### What to do
Write each line out exactly, from the one containing "Fotografías de la" through the final line of the data, and keep pictures out of the copy.

### Exercise data
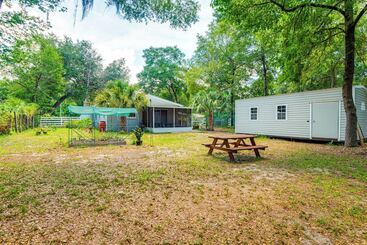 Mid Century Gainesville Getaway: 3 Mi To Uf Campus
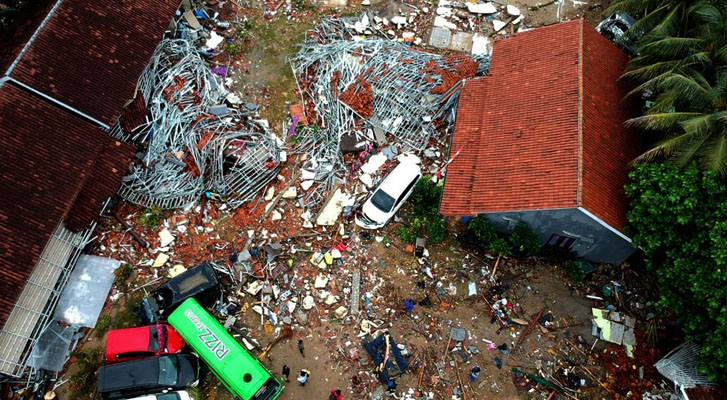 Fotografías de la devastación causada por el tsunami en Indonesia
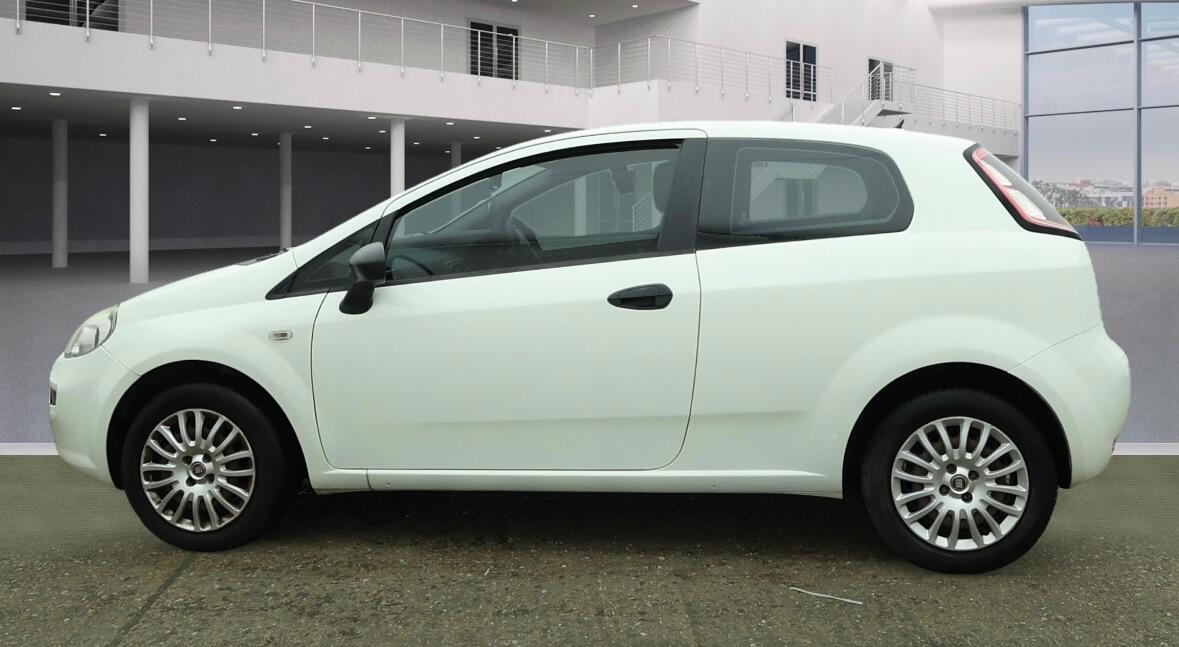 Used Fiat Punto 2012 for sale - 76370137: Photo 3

### Your solution
 Fotografías de la devastación causada por el tsunami en Indonesia
 Used Fiat Punto 2012 for sale - 76370137: Photo 3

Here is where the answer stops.